» Data supplied:
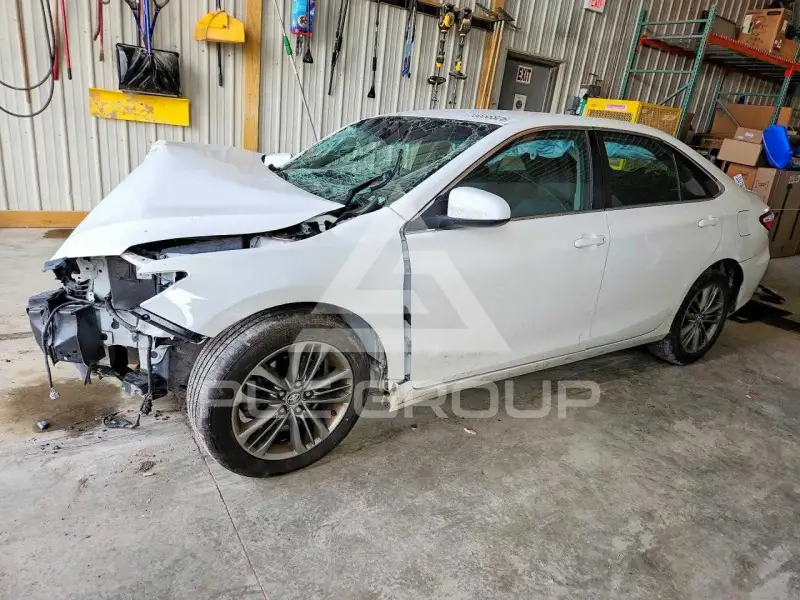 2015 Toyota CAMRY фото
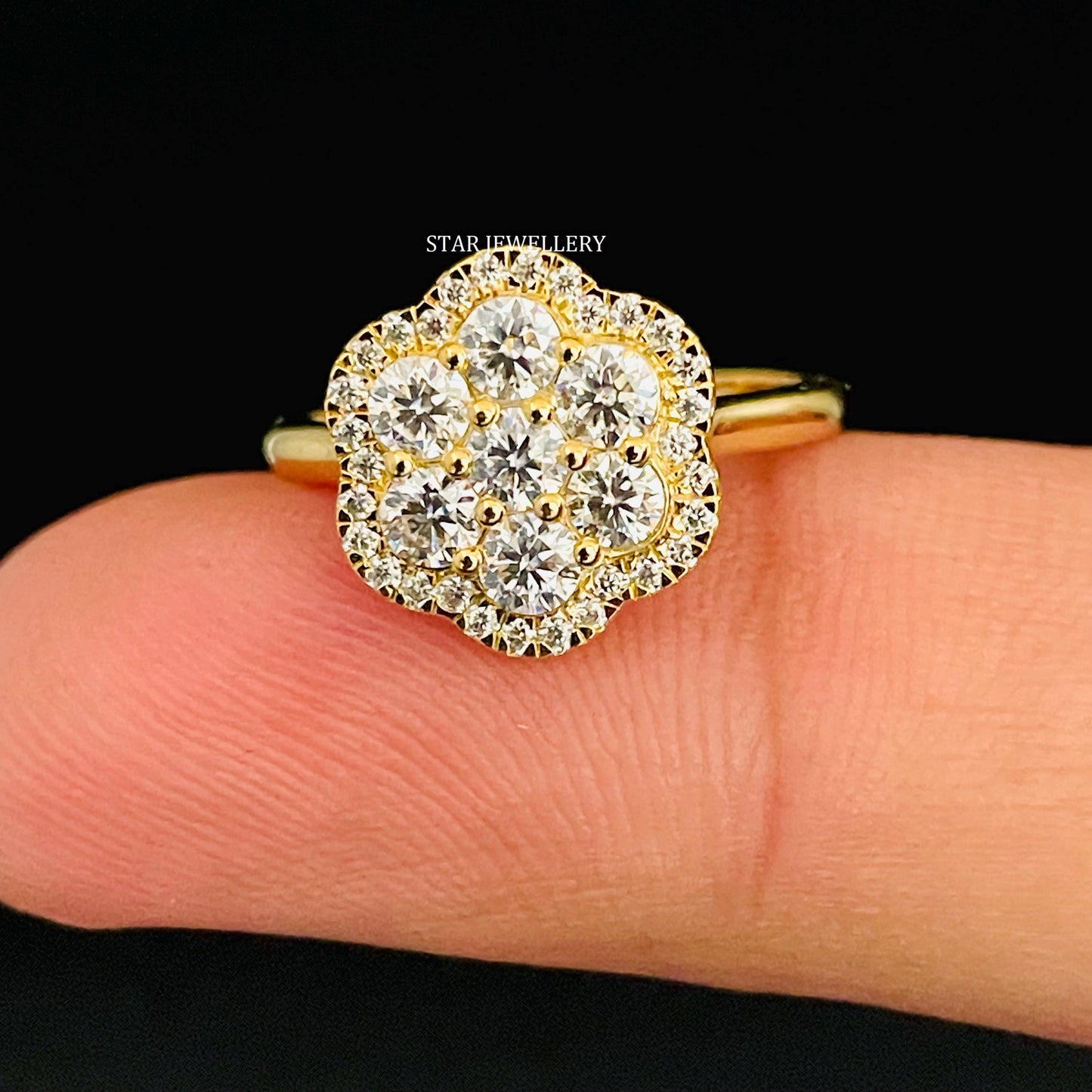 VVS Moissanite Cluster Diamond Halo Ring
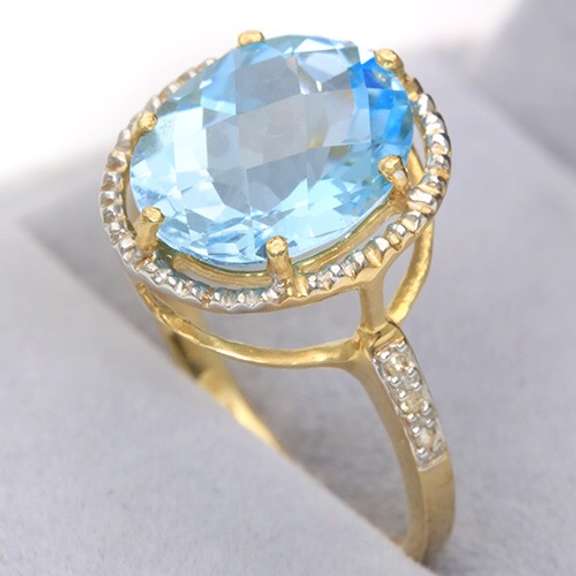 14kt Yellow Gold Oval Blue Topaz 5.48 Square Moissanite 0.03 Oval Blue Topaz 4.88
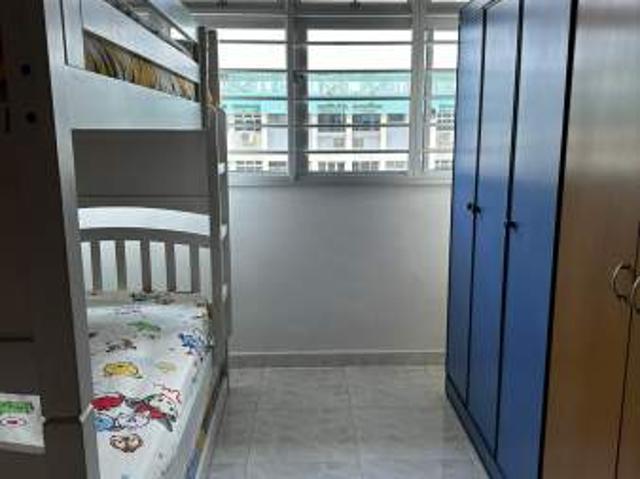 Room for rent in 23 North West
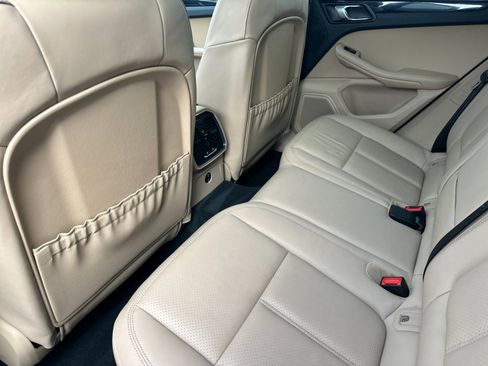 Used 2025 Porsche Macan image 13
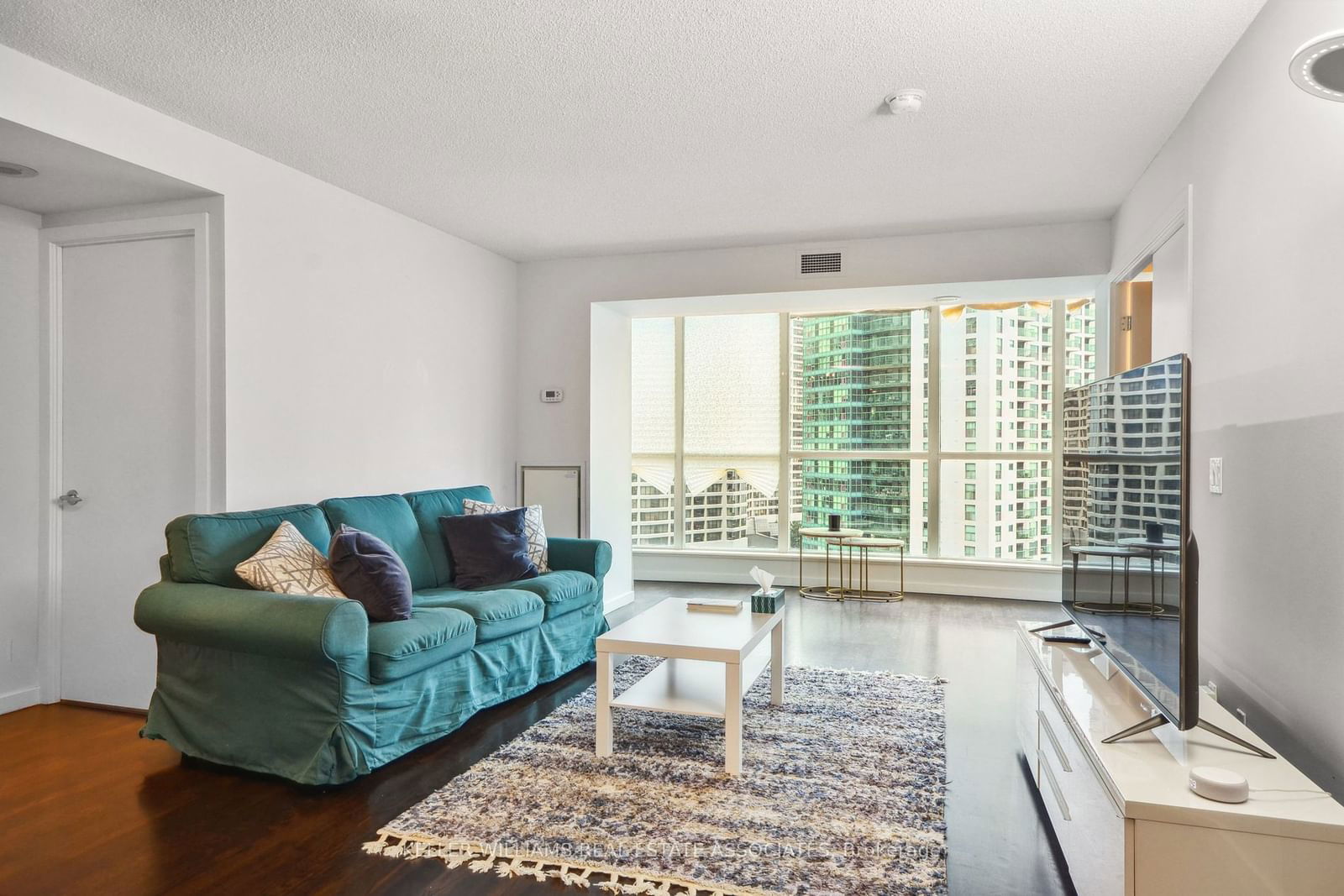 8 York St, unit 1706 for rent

» What the exercise asks: Pictures stay out. Return exactly the lines from the one with "14kt Yellow Gold" through the last line of the data.

» Task result:
 14kt Yellow Gold Oval Blue Topaz 5.48 Square Moissanite 0.03 Oval Blue Topaz 4.88
 Room for rent in 23 North West
 Used 2025 Porsche Macan image 13
 8 York St, unit 1706 for rent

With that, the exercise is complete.